The task requires repeating, word for word, the lines from the one with "BYTE BURNOUT trademark" through the end of the material, leaving out all pictures.

» Source material
□ □ □
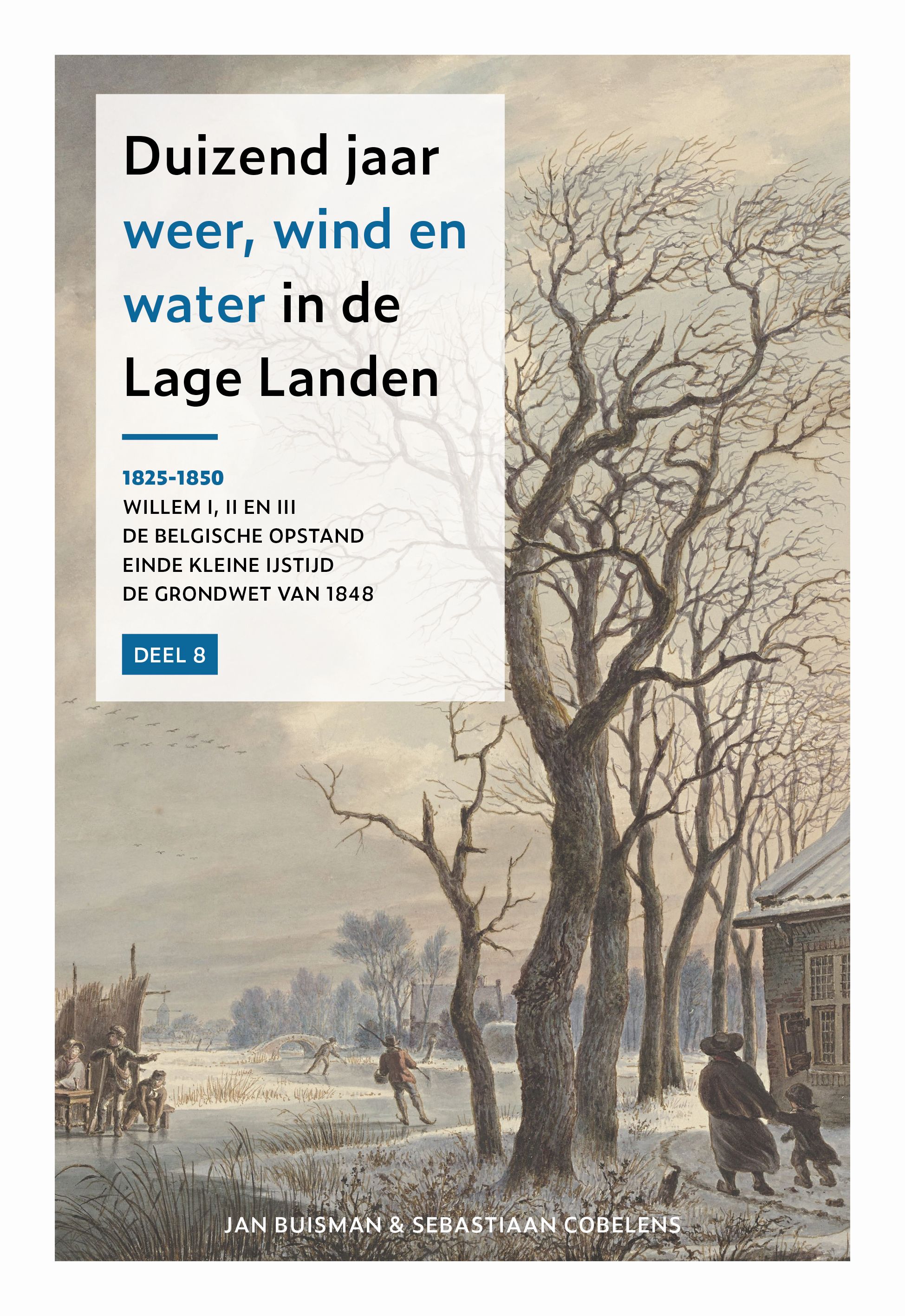 Duizend jaar weer wind en water in de Lage Landen – 8: 1825-1850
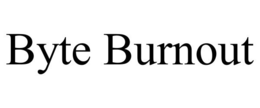 BYTE BURNOUT trademark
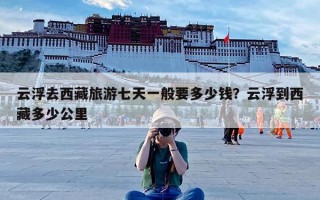 云浮去西藏旅游七天一般要多少钱？云浮到西藏多少公里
□ □ □
» Answer box
 BYTE BURNOUT trademark
 云浮去西藏旅游七天一般要多少钱？云浮到西藏多少公里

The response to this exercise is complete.